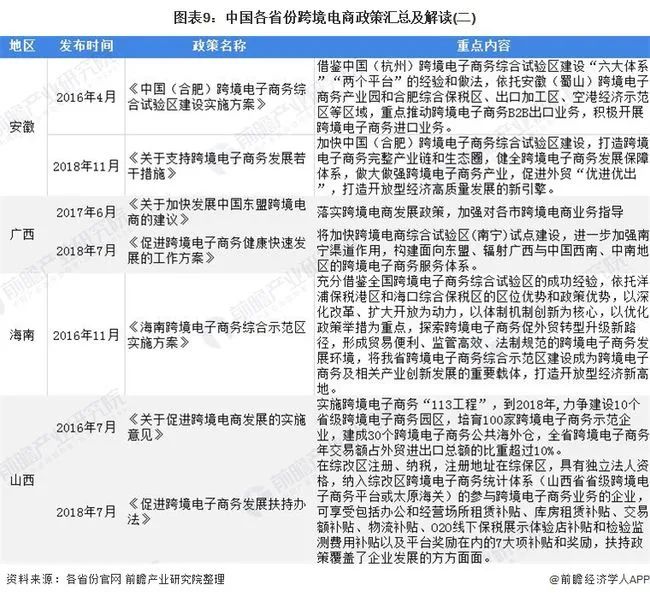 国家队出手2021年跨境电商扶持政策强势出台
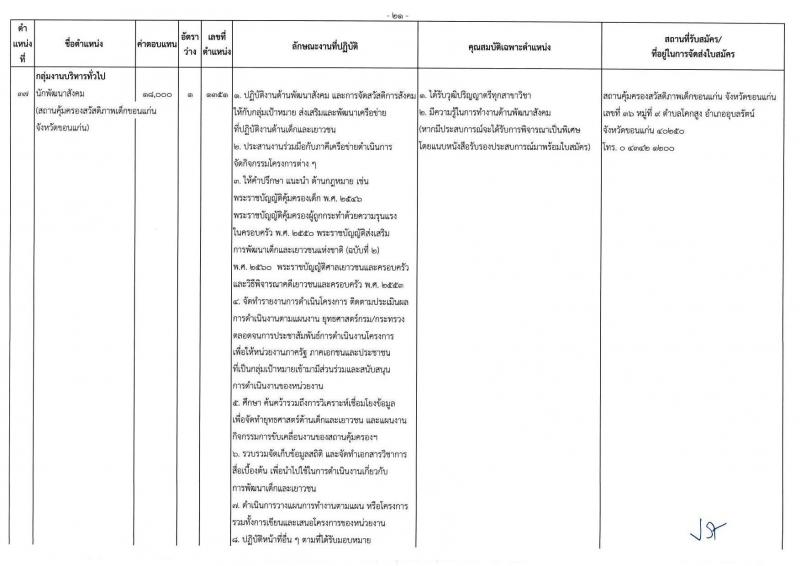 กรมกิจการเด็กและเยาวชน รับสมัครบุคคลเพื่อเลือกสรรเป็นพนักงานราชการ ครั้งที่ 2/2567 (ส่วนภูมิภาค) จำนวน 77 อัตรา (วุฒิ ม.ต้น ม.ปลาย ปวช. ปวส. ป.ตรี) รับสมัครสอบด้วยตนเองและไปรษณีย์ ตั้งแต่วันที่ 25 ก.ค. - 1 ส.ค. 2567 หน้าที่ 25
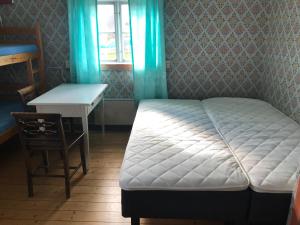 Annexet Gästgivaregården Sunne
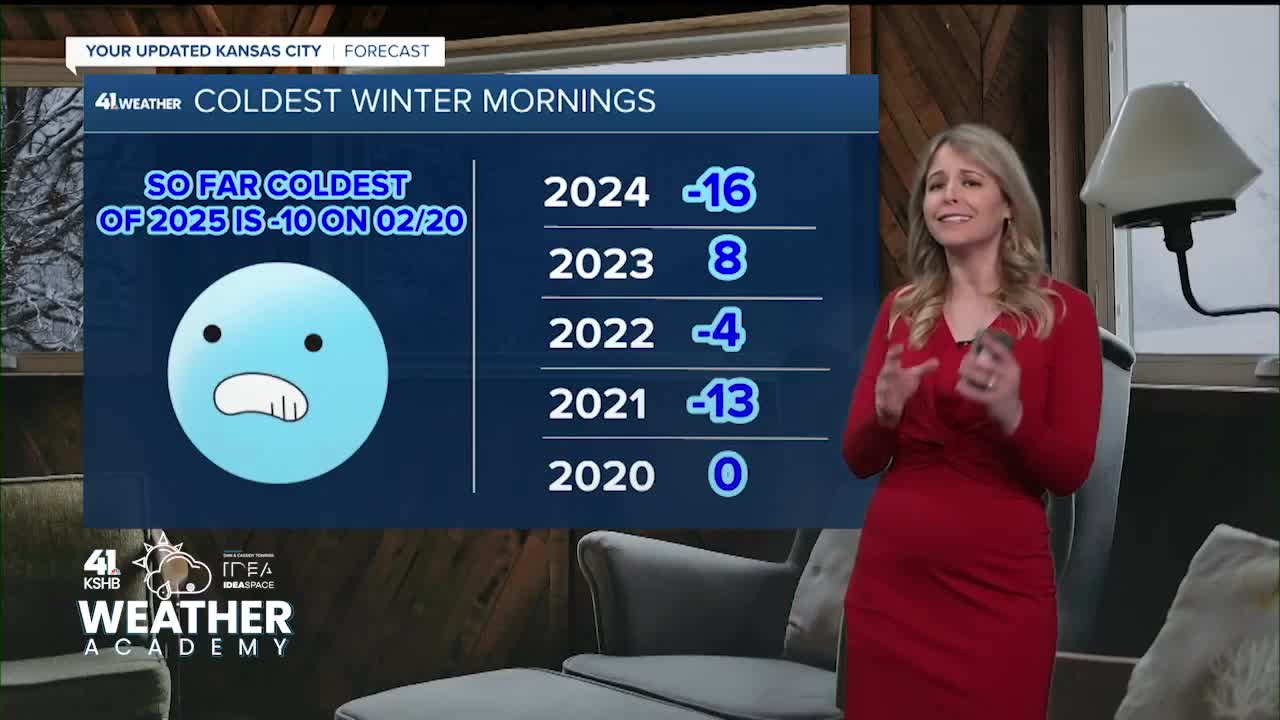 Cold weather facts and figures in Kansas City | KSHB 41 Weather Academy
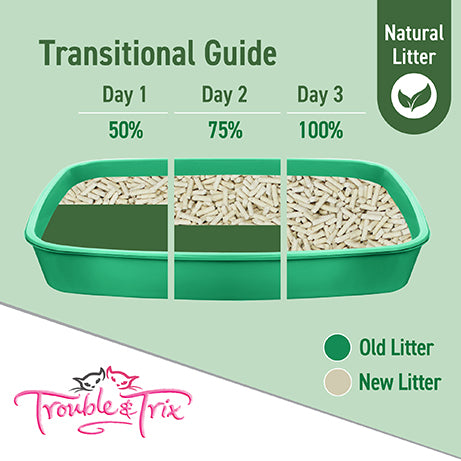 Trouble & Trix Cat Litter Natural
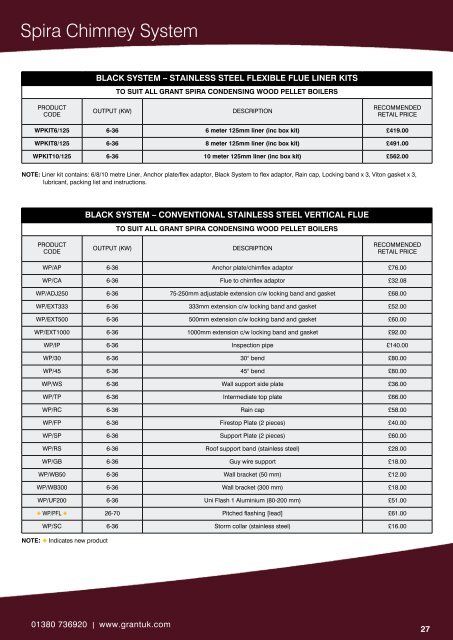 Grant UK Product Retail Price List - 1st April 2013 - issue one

· · · · ·

[What you should do] The listing above must be printed again exactly, minus its pictures.

[Task solution]
 国家队出手2021年跨境电商扶持政策强势出台
 กรมกิจการเด็กและเยาวชน รับสมัครบุคคลเพื่อเลือกสรรเป็นพนักงานราชการ ครั้งที่ 2/2567 (ส่วนภูมิภาค) จำนวน 77 อัตรา (วุฒิ ม.ต้น ม.ปลาย ปวช. ปวส. ป.ตรี) รับสมัครสอบด้วยตนเองและไปรษณีย์ ตั้งแต่วันที่ 25 ก.ค. - 1 ส.ค. 2567 หน้าที่ 25
 Annexet Gästgivaregården Sunne
 Cold weather facts and figures in Kansas City | KSHB 41 Weather Academy
 Trouble & Trix Cat Litter Natural
 Grant UK Product Retail Price List - 1st April 2013 - issue one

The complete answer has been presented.